The California State Athletic Commission released its official fighter payroll from MVP MMA 1 on Saturday. Main event winner Ronda Rousey topped the card with a disclosed purse of $2.2 million. Gina Carano, who did not land a single strike before getting armbarred in 17 seconds, took home $1.05 million.
Francis Ngannou, Nate Diaz, and Mike Perry pocketed $1.5 million, $500,000, and $400,000, respectively. By any traditional MMA standard, those are some huge paydays. But according to Carano’s own head coach, the commission’s numbers are not even close to what fighters on the main card actually earned.
John Wood Claims Ronda Rousey and Gina Carano Cashed Retirement-Level Paydays
Syndicate MMA head coach John Wood, who trained Carano for her recent bout, did not hold back on the “Home of Fight” podcast regarding the fighter payouts for MVP MMA 1. He explicitly challenged the official payroll figures released by the California State.

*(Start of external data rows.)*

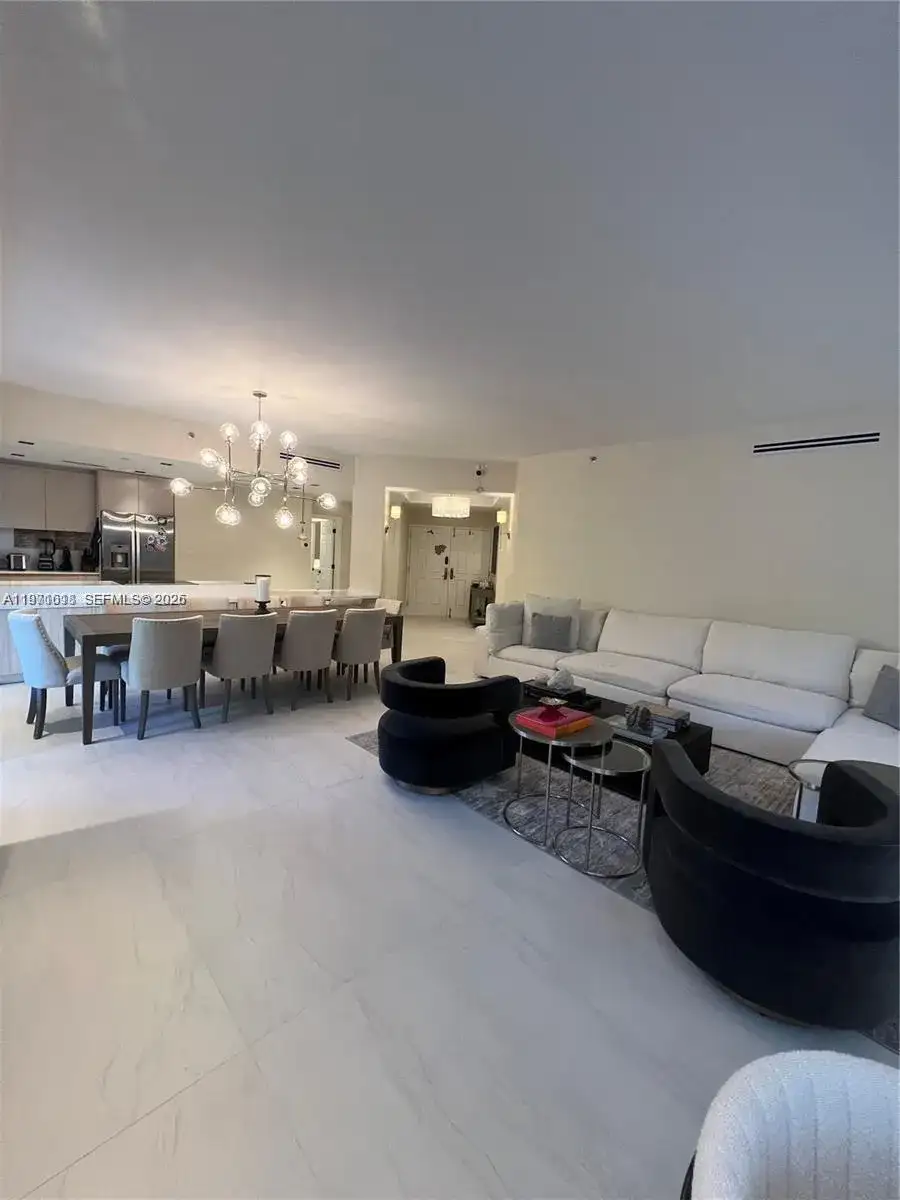 3900 Island Blvd # B308, Aventura FL 33160 photo 5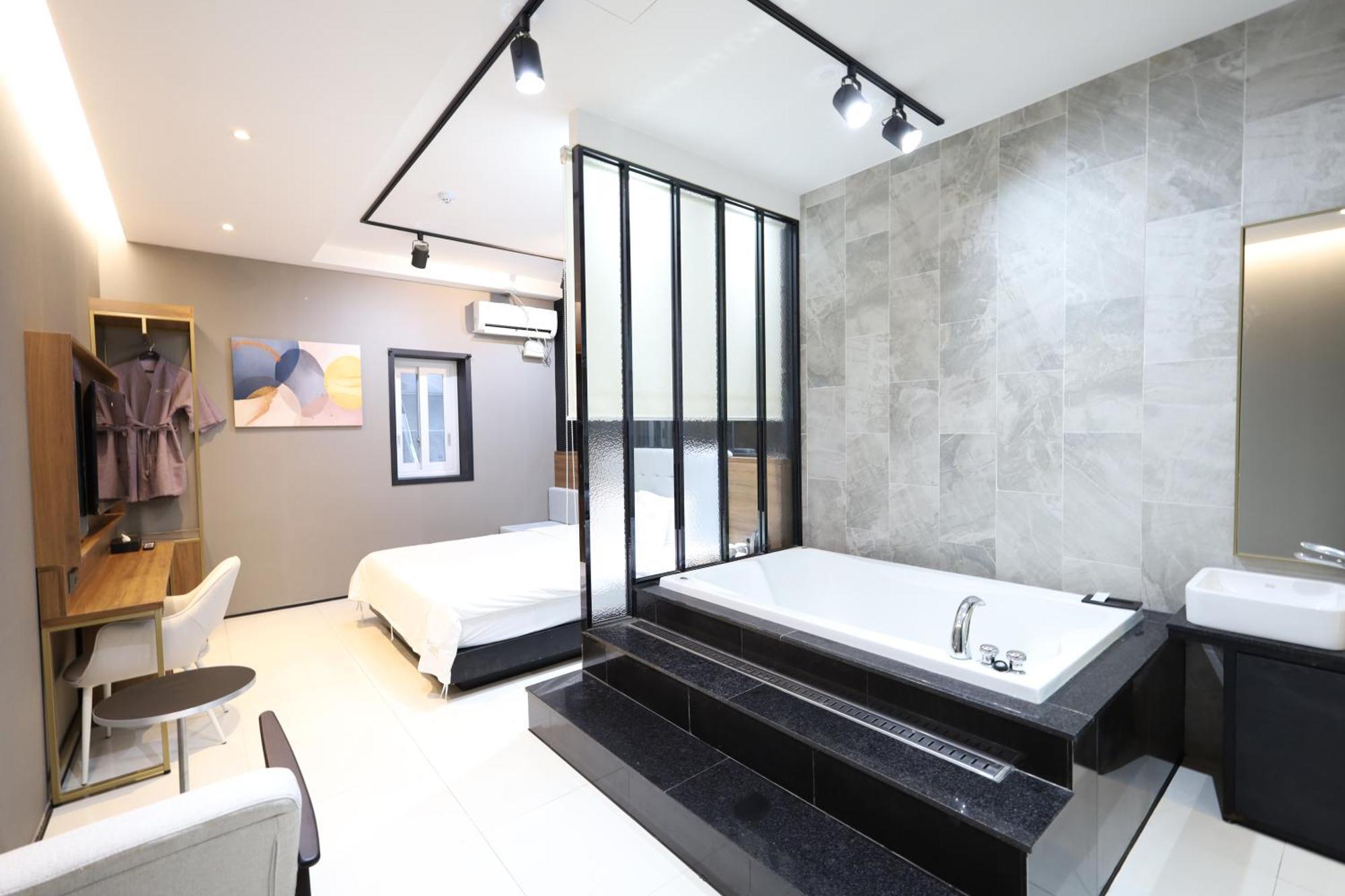 Almond Hotel Busan Station Eksteriør billede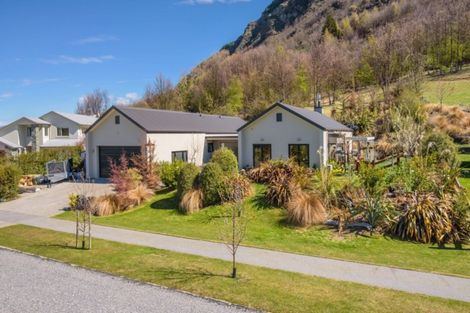 Photo of property in Butel Park, 67 Essex Avenue, Arrowtown, 9302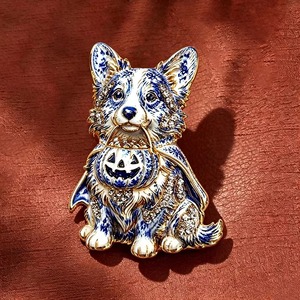 Broche <span class=keywords><strong>Corgi</strong></span> style porcelaine bleue et blanche, motif chien citrouille d'Halloween - Product Image 1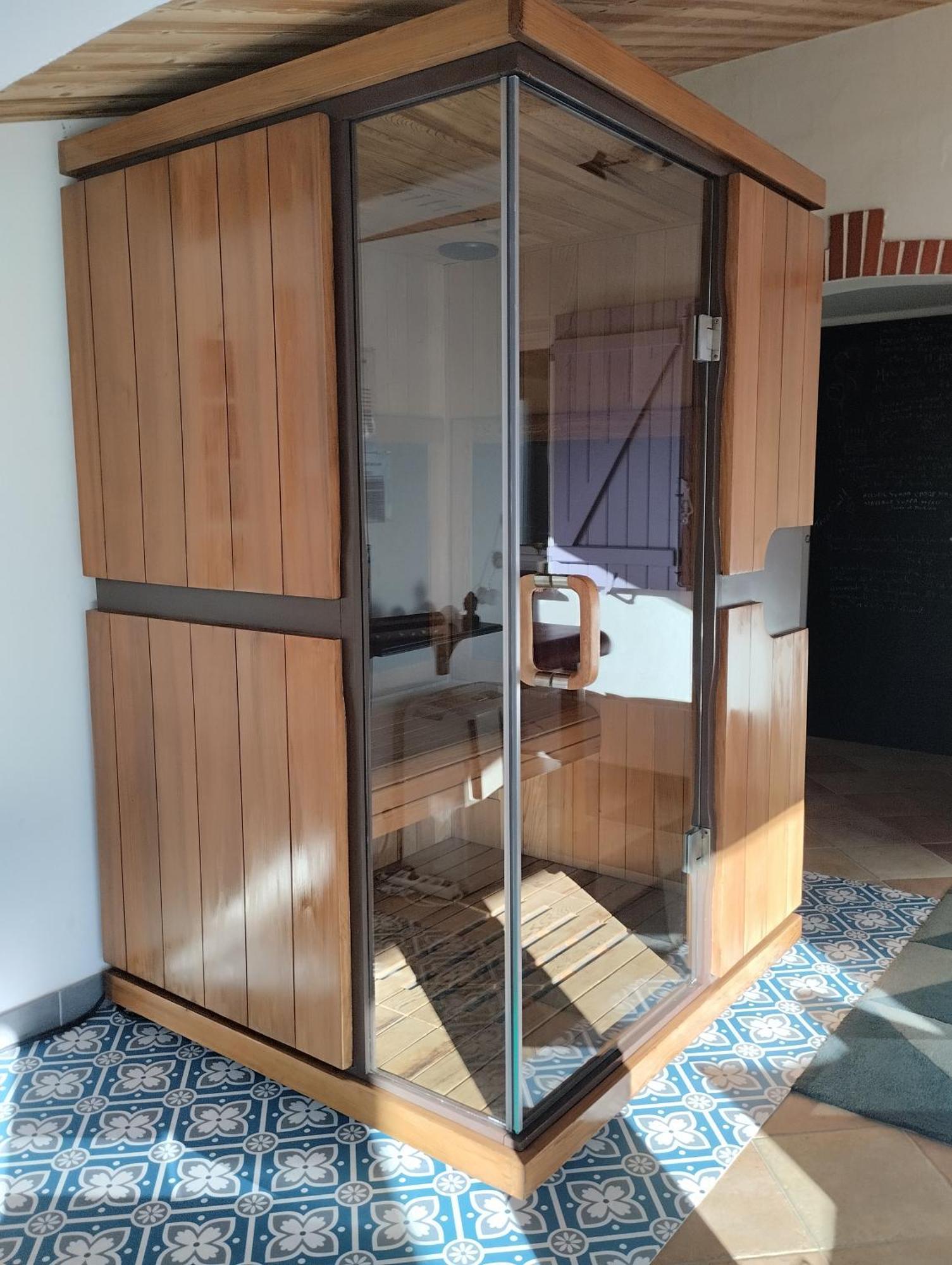 L'Eden Naturiste Spas Challans Phòng bức ảnh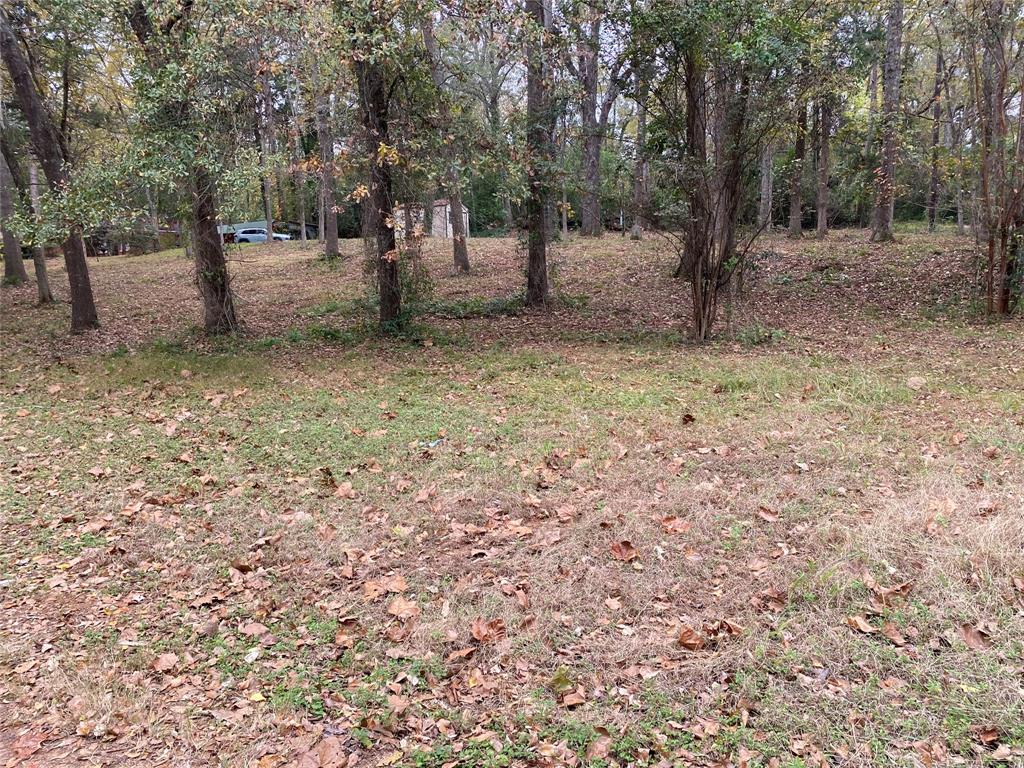 101 Lakeside Drive Property Photo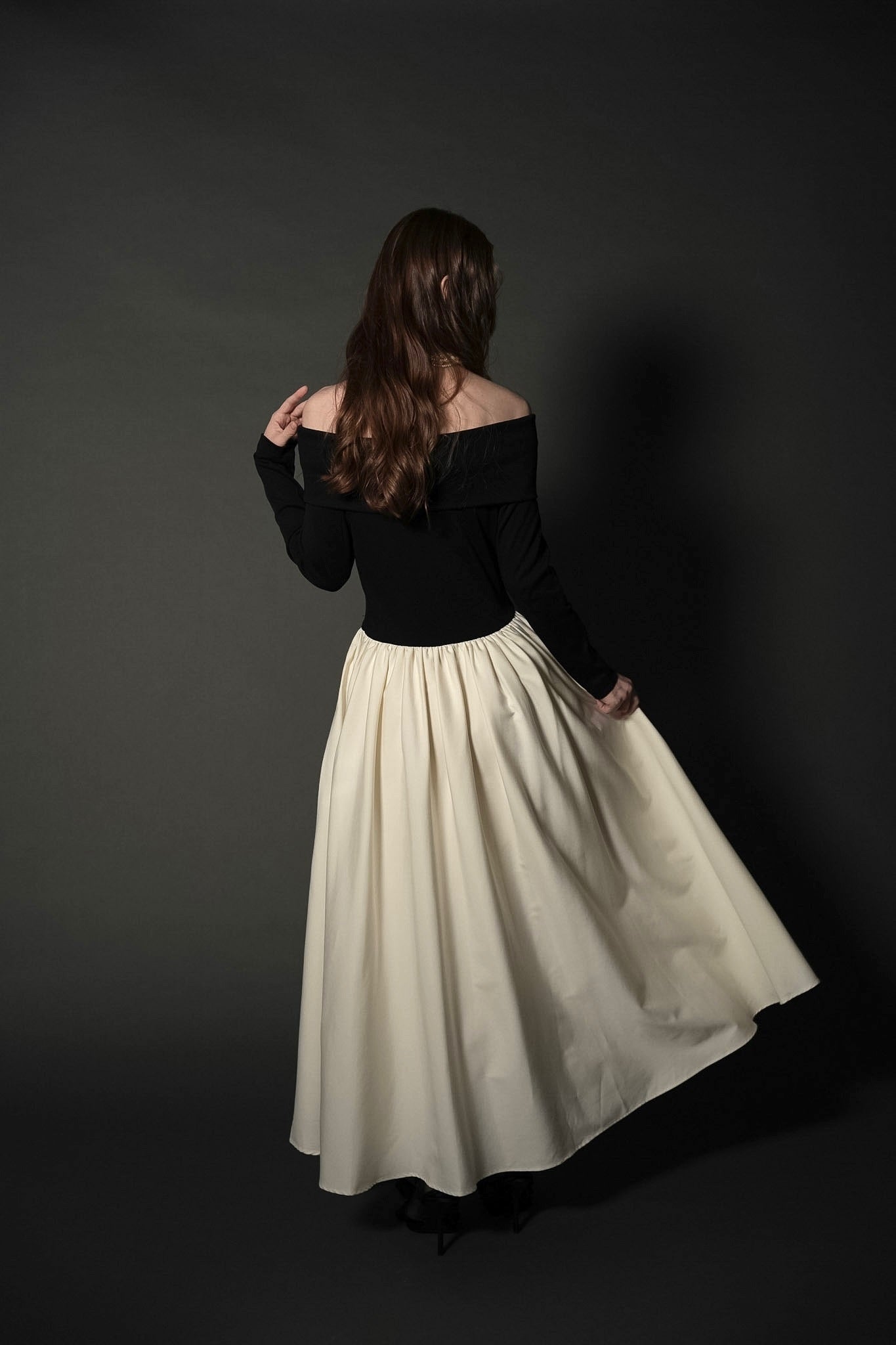 ［Édition］off shoulder docking one-piece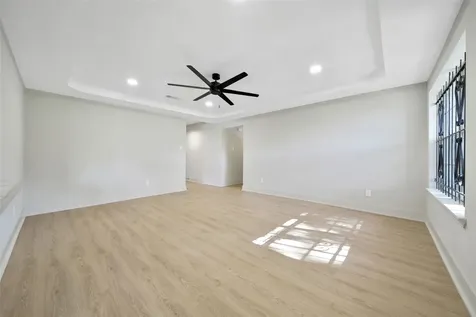 3022 Sparrow Street Houston TX 77051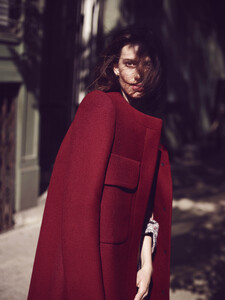 vogue-nl-12-2013_rybu-aldridge_(3).thumb.jpg.205c2819f779c88a94643ad4d4bca615.jpg
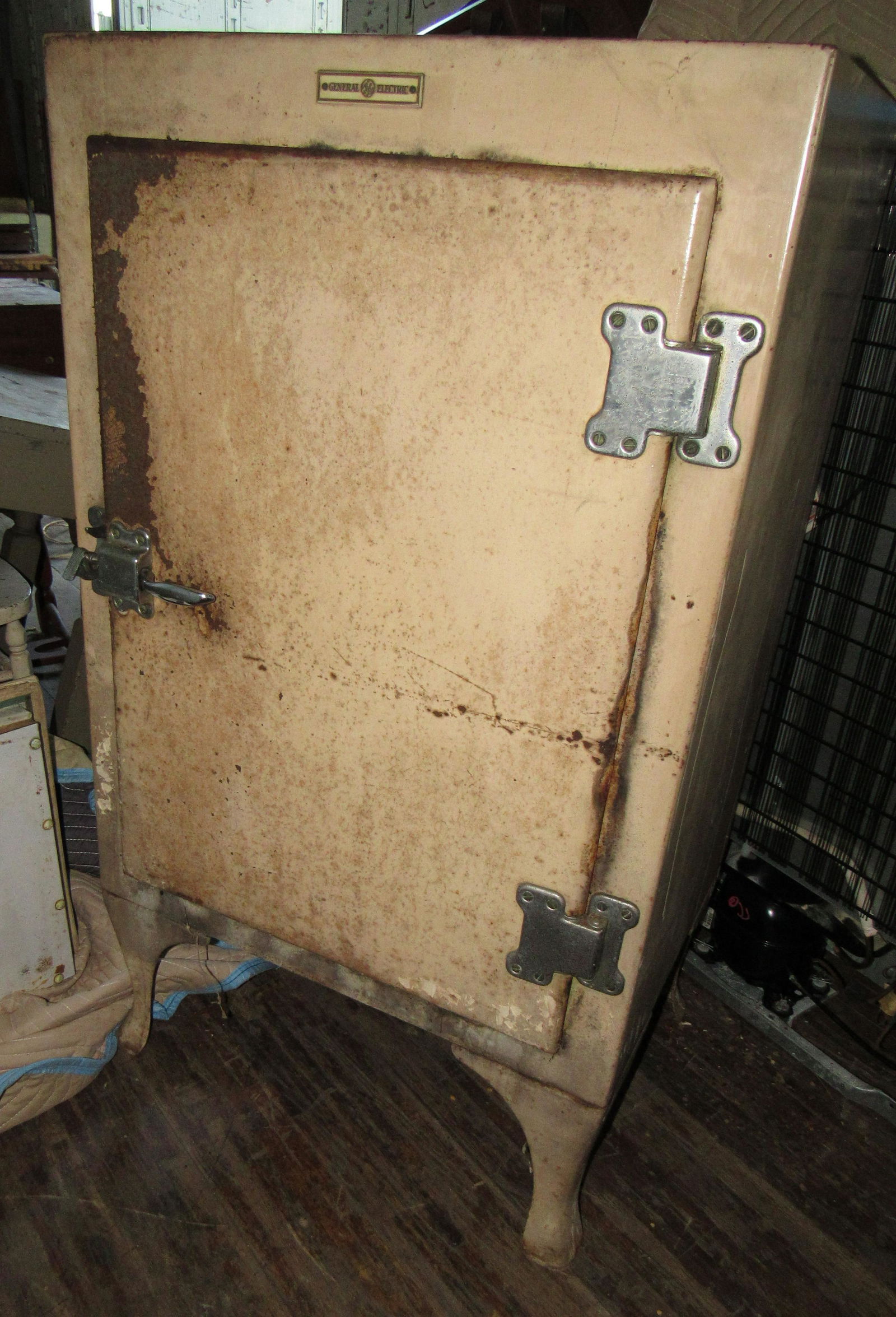 Antique / Vintage General Electric Refrigerator: Approx 22" x 28" x 51" tall ( not including height of top). This is heavy and buyer must remove from storage trailer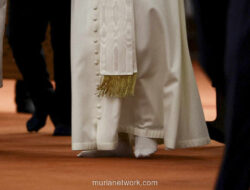 Paus Leo XIV Kunjungi Masjid Biru, Tapi Tolak Ajakan Berdoa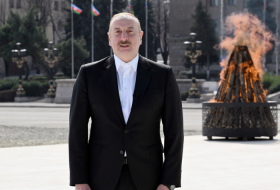     Präsident Aliyev:   Es ist das vierte Mal, dass ich in den befreiten Gebieten von Karabach ein Feiertagsfeuer entzünde  
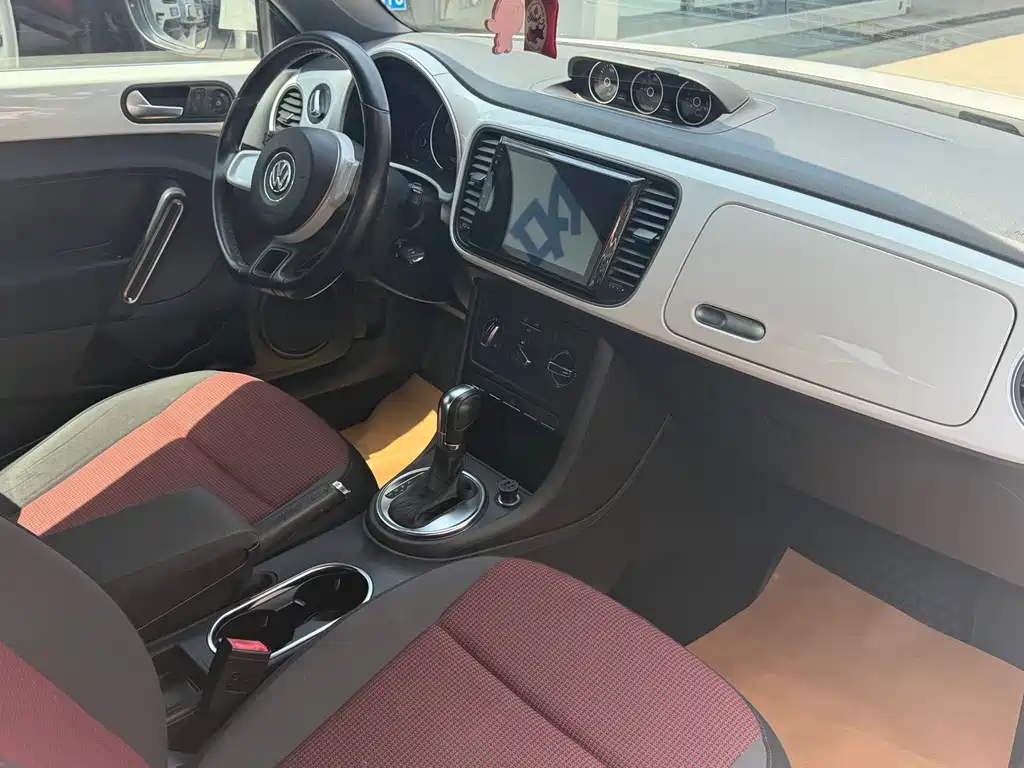 Volkswagen Beetle 2014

“I’ll tell you this right now, those payouts weren’t even close,” Wood said. “The undercard might have been a little realistic, but the main card and what those guys got paid, not even close.”
Wood then explained, “I’ll tell you right now, on that card there are people that could retire and never have to work or fight again if they chose not to from what they got paid on that show.”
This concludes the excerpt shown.